Home Education Report Flawed

NEWS RELEASE
June 17th, 2010


Ofsted Home Education Report Seriously Flawed Says Graham Stuart MP


Graham Stuart MP, who last week was elected to take the Chair of the
Commons Education Select Committee, today condemned Ofsted’s report on
home education, “Local Authorities and Home Education” as “an
unpleasant hangover of the last government: a manifesto for more state
power at the expense of dedicated home educators and their children”.


Mr Stuart went on, “It is astonishing that the Chief Inspector of
Schools should stray onto home education and get it so wrong. In
Ofsted’s official press release she says that “it is extremely
challenging for local authorities to meet their statutory duty to
ensure children have a suitable education”, when they have no such
duty. Parents, not the state, have the statutory duty to ensure that
their children have a suitable education.


“I find it deeply concerning that, after months of work, the Chief
Inspector should make such a basic mistake and so utterly confuse the
duties of local authorities and parents. Parents who home educate
deserve our respect and awe at their dedication and achievements, not
the relentless suspicion of an over mighty state.”
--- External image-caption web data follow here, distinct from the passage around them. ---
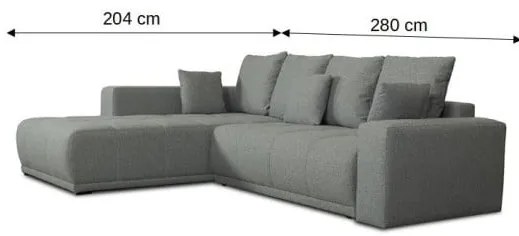 Coltar Extensibil Cu Otoman Stanga Otis, 5 Locuri, Lada Depozitare, Gri, 280 Cm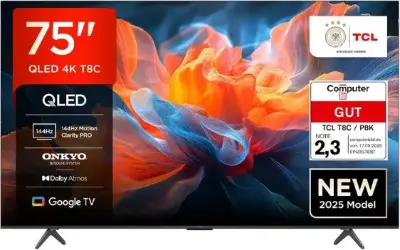 📺 TCL 75T8C 75″ QLED 4K HDR UHD Fernseher mit 144Hz für 649€ (statt 889€)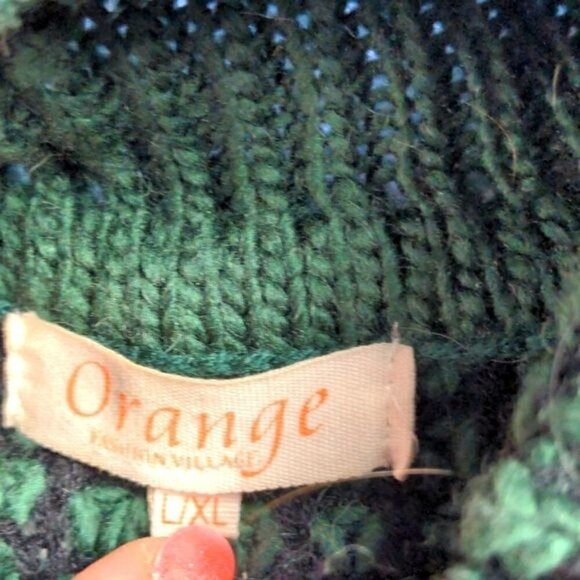 Orange Fountain Village Thick-Knitted Sz L/XL Cowl Neck Deep Army Green Sweater - Picture 5 of 8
Under section 436A of the Education Act 1996, inserted by the
Education and Inspections Act 2006, local authorities have a duty to
identify children who are not receiving a suitable education in their
area, so far as it is practical to do so. As the 2007 Elective Home
Education Guidelines for Local Authorities make clear, however, ‘local
authorities have no statutory duties in relation to monitoring the
quality of home education on a routine basis’ and are only required to
intervene if it appears that parents are not providing a suitable
education.


Mr Stuart went on, “As local authorities do not have the power to
demand access to home educated children and cannot insist on parents
registering with them, the obvious and correct answer is for local
authorities to improve their support for families so that more
families make contact with them voluntarily. If they did this and made
sure that they employed sympathetic staff who built good reputations,
then the number of “unknown” children would be reduced. Such a
positive approach would respect the primacy of parents in determining
the education of their children and put the onus on local authorities
to serve and support, rather than catalogue and monitor, families who
home educate.


“Ofsted’s report has little to say about improving local authority
support for home educated children and says only that the Department
of Education should “consider” funding an entitlement for
home-educated children to take public examinations. Ofsted’s report is
seriously flawed and damaging to the confidence of home educating
parents who had hoped that the relentless disinformation and bullying
of the previous regime was over.”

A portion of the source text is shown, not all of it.